An industry standard is for a Broker to strengthen the offering (to Investors) of the Trust Deed to investors by creating an interest reserve for the borrower. An interest reserve account is money set aside to ensure the investors interest payments on a loan over a specified term. This can be a good feature in the correct circumstances; however often times the actual source of the interest reserve and the math is not to the benefit of the investors and this may hide the weakness in the borrower’s cash flow and qualifications.
The PITFALL occurs by a taking a good attribute and distorting it with the Deed of Trust originator and the borrower. For example:
Borrower acquires a parcel of land for $100,000 with $50,000 down payment. This land later ‘appraises’ for $500,000.00 based on that value;
Borrower requests a loan of $375,000 (75% LTV)
The investor is offered a “terms sheet” or “offering” indicating that a borrower is requesting a 12 month loan at 12% at a low loan to value of 75%. The loan is for $375,000 on property he only owes $50,000. And to strengthen the deal the investors are told that there is 12 months of Interest Reserves set aside to cover the payments to the investors (12 month loan) on the land.
Investors may have no idea that the only “skin in the game” from the borrower is $50,000. The initial cash down payment.
The borrower is not making the payments; all payments are made form the interest reserve account. The investors may not understand that the $45,000 in interest payments for the year from the borrower are actually the investors own principle balance.

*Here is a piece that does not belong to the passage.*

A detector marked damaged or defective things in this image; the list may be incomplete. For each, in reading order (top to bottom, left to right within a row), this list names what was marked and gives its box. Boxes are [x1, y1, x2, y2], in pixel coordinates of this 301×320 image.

The $45,000 for the reserve account is clearly not being used to improve the property to increase the investor’s security.
It may sound unbelievable but, the investors are actually lending their own principle to the borrower for income payments from the borrower to the investors so that the Broker can get the upfront commission in this case of at least $37,500.00 to put the investors in the Deed of Trust with the borrower.

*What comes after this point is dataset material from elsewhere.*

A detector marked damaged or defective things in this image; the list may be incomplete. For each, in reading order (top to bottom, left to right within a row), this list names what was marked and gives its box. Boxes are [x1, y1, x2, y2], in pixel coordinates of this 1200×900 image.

Most private lending notes have short terms such as 6 to 24 months in length. If a transaction is facilitated that is a 12 month loan with 12 months reserves, it may well literately be almost a year before the investor(s) have any contact or information on the borrower or the property, as all the payments are paid as agreed from the reserves for the lengths of the loan and a lot can change with a borrower or property in that period of time without the investors knowing it.
Clarify all the funds in the transaction; verify that the borrower is actually taking their own funds set aside in a separate account for the purpose of the payments – or that they have the income with all the other debts in their lives to cover your payment due. And this should not replace the other standard underwriting categories; property qualifications and borrower qualifications.